=== Begin Enclosure ===

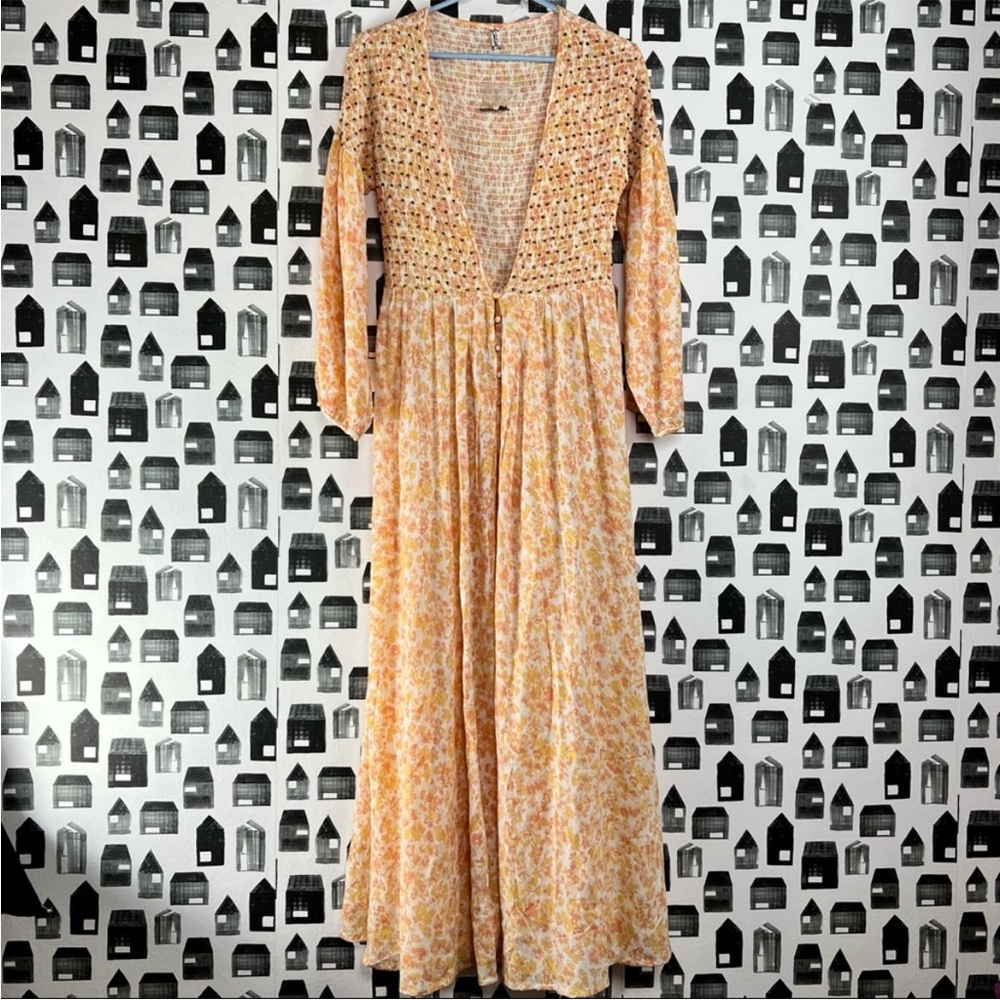 Free people - intimately orange floral print button-down studded overdre…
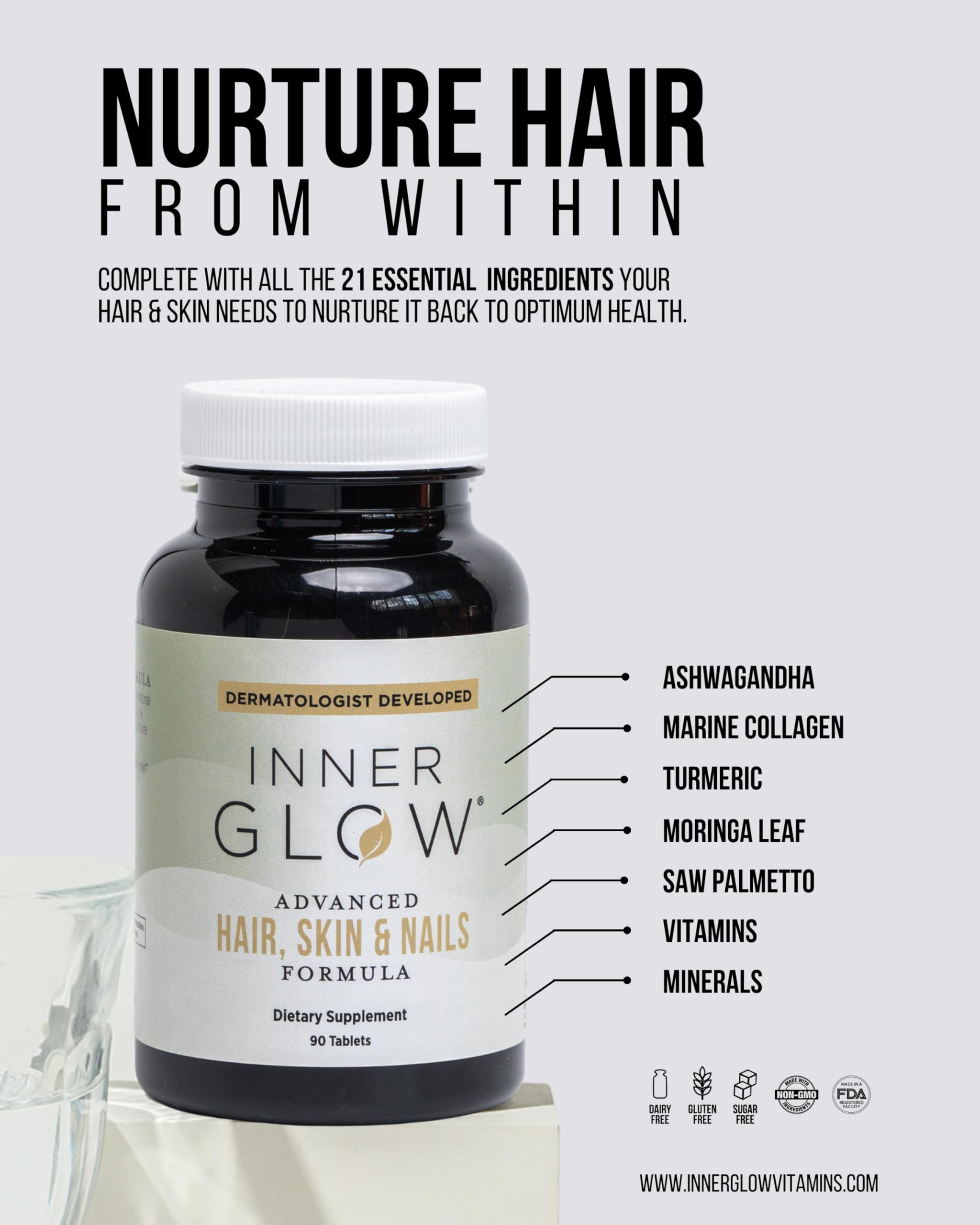Inner Glow bottle on vanity with soft lighting for daily use.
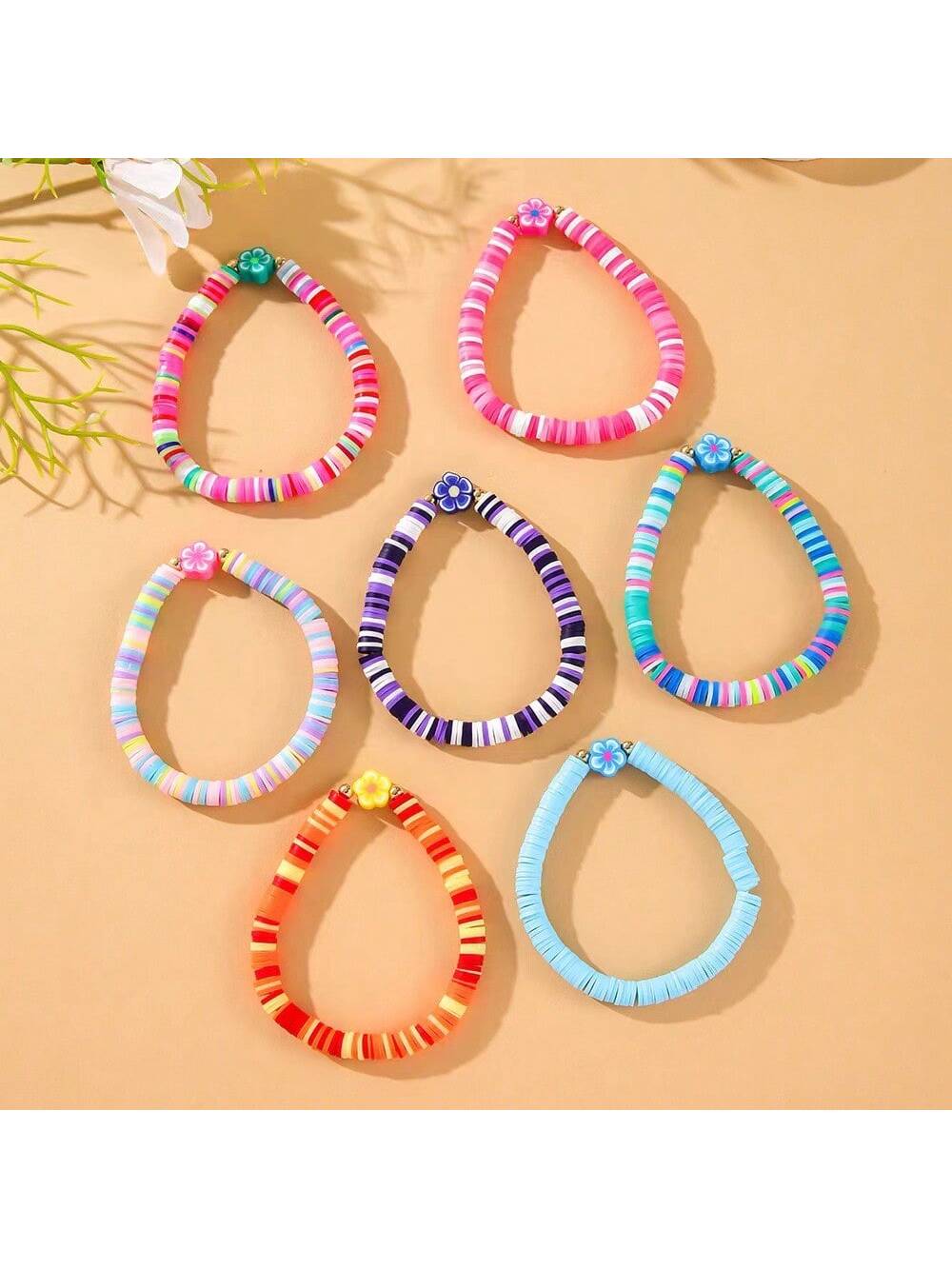 7pcs/Set Fashionable Minimalist Floral Soft Clay Bohemian Style Bracelet Set
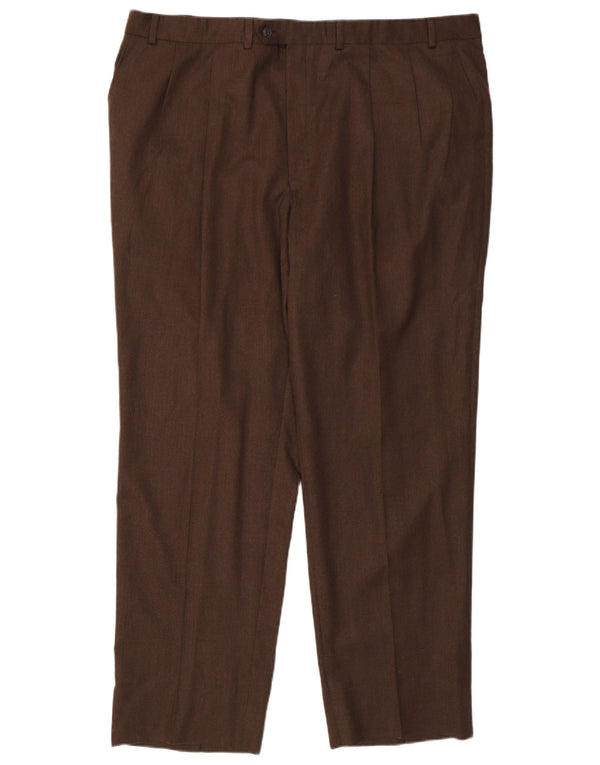 RALPH LAUREN Mens Pegged Suit Trousers W46 L33  Brown Wool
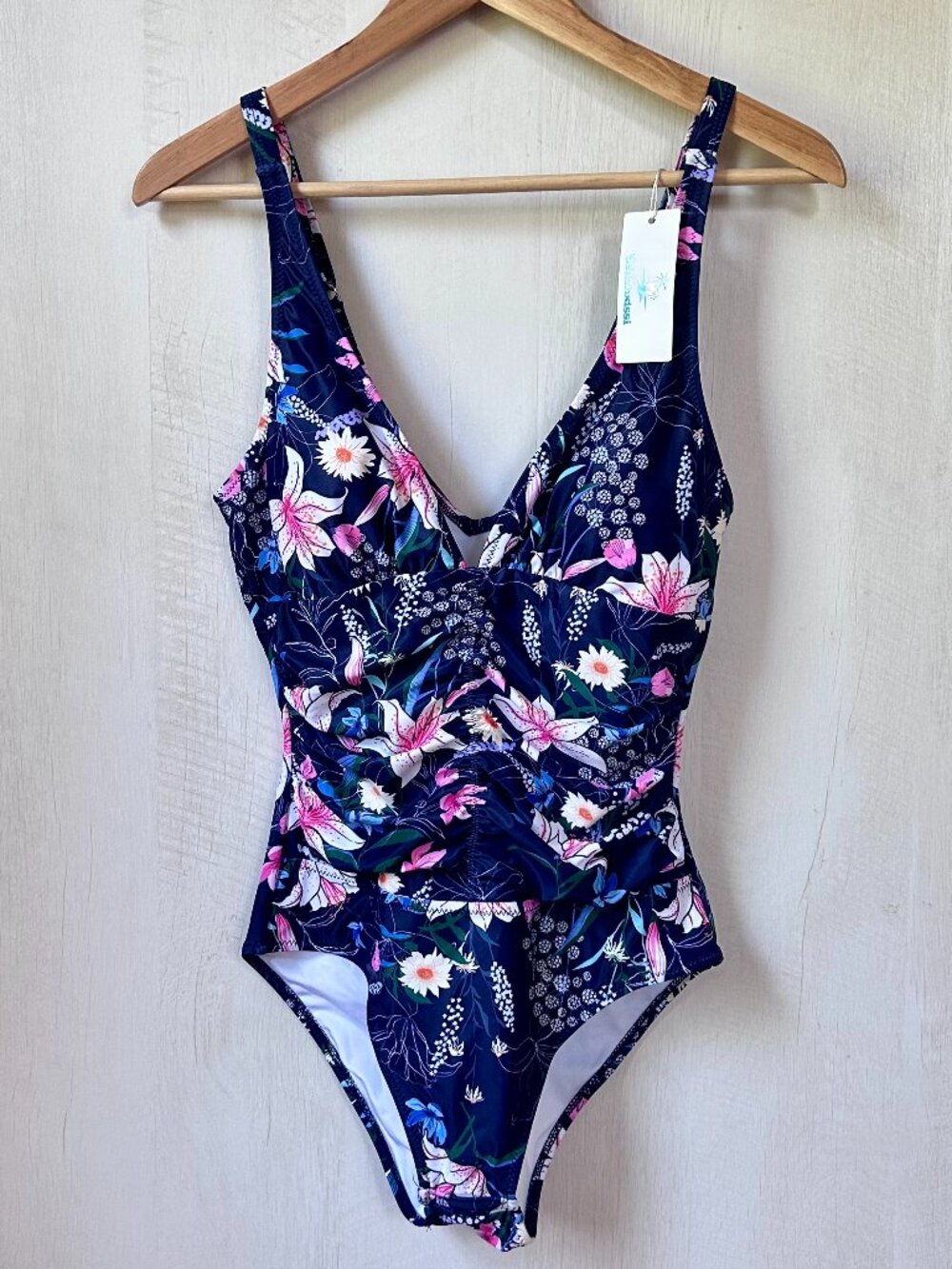 NEW Beachsissi Floral Ruched V-neck One Piece Swimsuit Size M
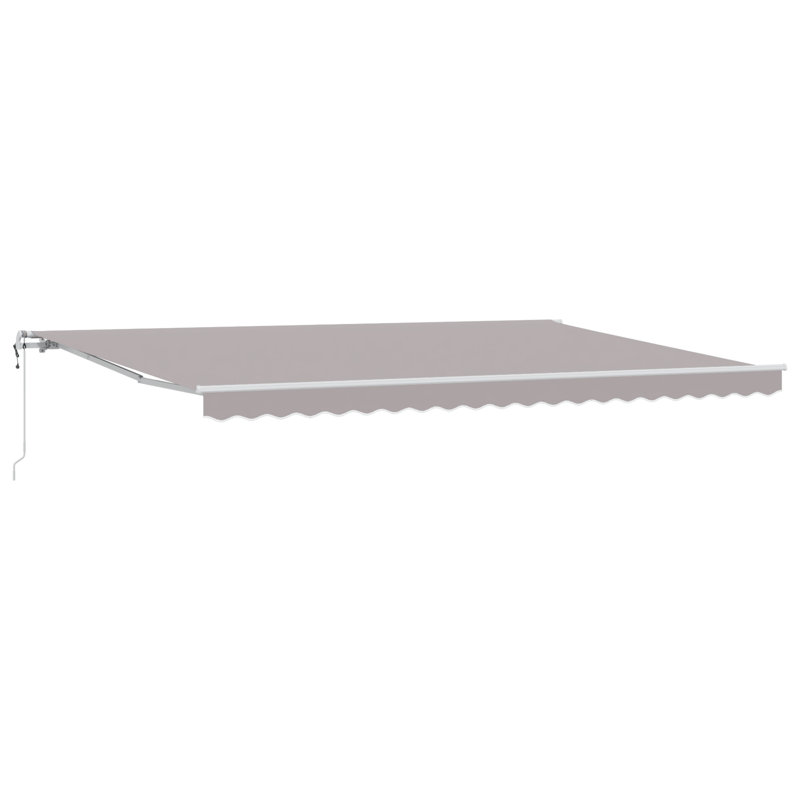 Ebern Designs Retractable Patio Awning, 500 cm W x 300 cm D, Light Grey/White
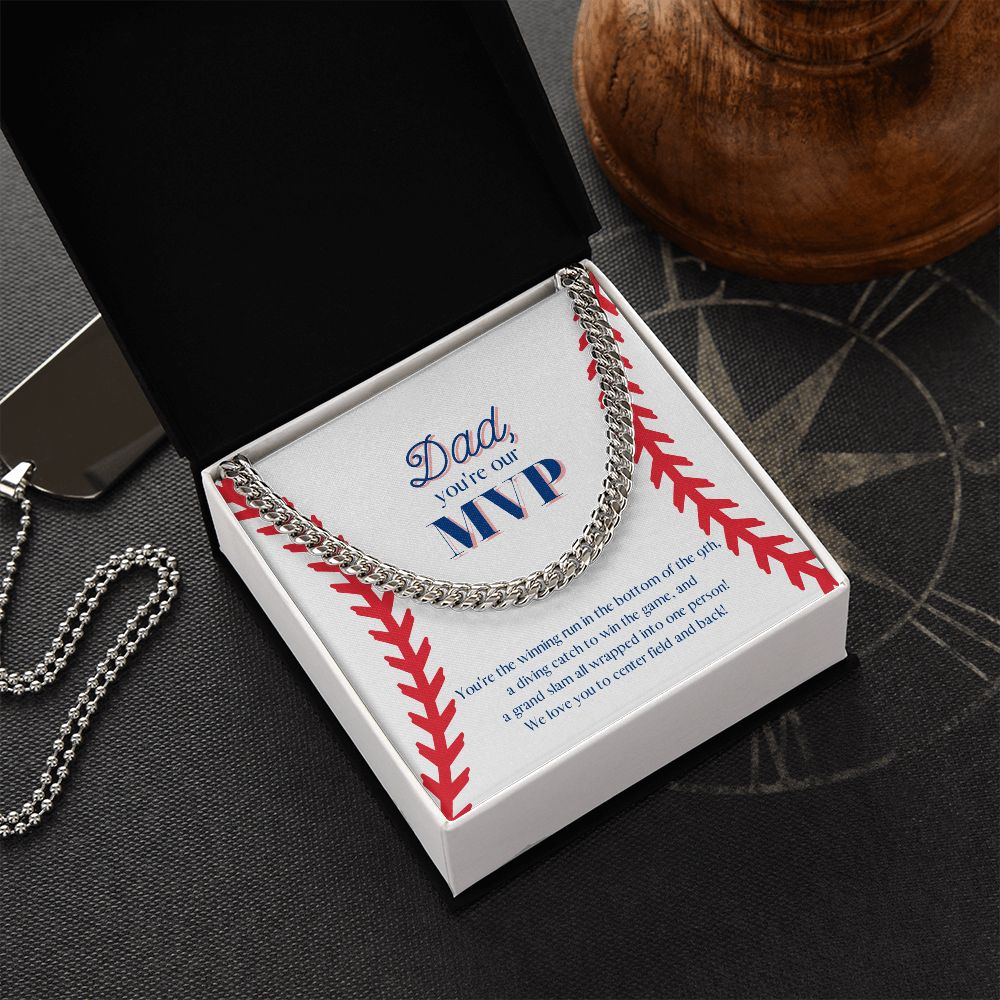 Dad is the MVP! Chain Link Necklace Available in Stainless Steel or Yellow Gold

=== End Enclosure ===

EXERCISE DETAILS: Leave the images behind and write out every entry exactly.

RESPONSE:
 Free people - intimately orange floral print button-down studded overdre…
Inner Glow bottle on vanity with soft lighting for daily use.
 7pcs/Set Fashionable Minimalist Floral Soft Clay Bohemian Style Bracelet Set
 RALPH LAUREN Mens Pegged Suit Trousers W46 L33  Brown Wool
 NEW Beachsissi Floral Ruched V-neck One Piece Swimsuit Size M
 Ebern Designs Retractable Patio Awning, 500 cm W x 300 cm D, Light Grey/White
 Dad is the MVP! Chain Link Necklace Available in Stainless Steel or Yellow Gold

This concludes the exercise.